O que precisamos entender de fato e de uma vez por todas é que sucesso não significa necessariamente aprovação de Deus. O mundo apresentou um conceito de sucesso à Igreja que foi absorvido por ela. Hoje, pastores são medidos pelo tamanho de suas igrejas e não pelos frutos de amor, fé e alegria que seus membros evidenciam. O importante, para alguns, é contar quantos nomes estão fichados no rol de membros de suas igrejas (e, talvez, mais importante: saber quantos são dizimistas), sem se importar em conhecer quem são estas pessoas ou quais dificuldades elas enfrentam. É bom lembrar que quando Paulo elogiava uma igreja, ele sempre fazia referência à presença dos traços do caráter de Jesus nela, porque é isto o que importa.

Quando este entendimento norteia a nossa vida cristã, pouco importa a luta enfrentada. Sabemos quem somos. E, mais importante, a quem pertencemos. A questão principal, então, é a presença ou não em nossas vidas de uma integridade diante de Deus e dos homens. Quando ela existe, tudo o que fazemos, seja na igreja, em casa ou no trabalho secular, tem o brilho da eternidade.
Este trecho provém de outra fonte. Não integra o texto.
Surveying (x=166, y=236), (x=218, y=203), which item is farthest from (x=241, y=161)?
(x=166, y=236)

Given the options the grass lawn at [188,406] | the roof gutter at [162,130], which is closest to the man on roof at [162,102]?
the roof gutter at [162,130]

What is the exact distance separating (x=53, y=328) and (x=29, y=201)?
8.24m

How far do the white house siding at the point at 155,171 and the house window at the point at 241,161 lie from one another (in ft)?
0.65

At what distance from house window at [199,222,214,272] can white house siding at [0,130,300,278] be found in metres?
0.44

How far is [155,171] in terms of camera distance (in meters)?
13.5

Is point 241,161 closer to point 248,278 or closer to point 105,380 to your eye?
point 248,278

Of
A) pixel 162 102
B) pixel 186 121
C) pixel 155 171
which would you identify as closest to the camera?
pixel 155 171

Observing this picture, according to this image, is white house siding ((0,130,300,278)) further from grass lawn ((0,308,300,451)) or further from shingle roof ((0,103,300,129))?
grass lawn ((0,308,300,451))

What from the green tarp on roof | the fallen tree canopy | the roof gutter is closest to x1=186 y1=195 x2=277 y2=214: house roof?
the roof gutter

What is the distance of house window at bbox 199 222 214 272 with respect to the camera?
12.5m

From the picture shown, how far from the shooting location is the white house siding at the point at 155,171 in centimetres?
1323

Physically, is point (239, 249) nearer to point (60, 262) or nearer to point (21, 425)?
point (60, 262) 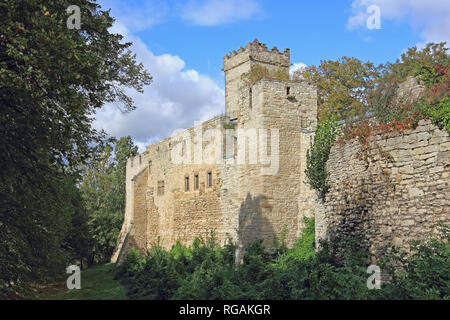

Trabalhar na obra de Deus nunca foi fácil. E, dentre as inúmeras dificuldades enfrentadas, está o perigo de esquecer que não somos Deus, e Ele não precisa de nós. Muitos pastores, que negligenciam suas famílias em função de uma suposta chamada para a obra de Deus, fazem isto por não terem consciência desta verdade. Infelizmente, famílias são destroçadas em nome de um deus mesquinho e exigente, que dá aos seus servos um fardo que ninguém pode suportar: buscar sua aprovação mediante trabalhar 24 horas por dia, sete dias por semana, sem direito a descanso.

O Deus do Evangelho não é assim. Pelo contrário, é Ele mesmo quem convida seus servos ao descanso e dá a eles um fardo leve e suave. Buscar a integridade envolve confiar que este descanso que Deus nos oferece é o que nos leva a não inverter prioridades em nossa vida.

O texto de uma das cartas às igrejas no Apocalipse, muito usado em pregações evangelísticas, fala de Jesus batendo na porta, querendo entrar a fim de manter comunhão. Esquecemo-nos de que estas palavras e esta atitude de Jesus foram dirigidas à cristãos. Somos nós que estamos doentes. Somos nós que precisamos desesperadamente da graça de Deus. No entanto, muitas vezes, trancamos o médico do lado de fora de nossas vidas. Ele bate desejando entrar, mas nós não O ouvimos.
É preciso repensar a razão de nosso ministério cristão. Se não pararmos para verificar se Jesus está presente, inverteremos nossas prioridades e colheremos os frutos amargos de quem não soube ser íntegro em Deus.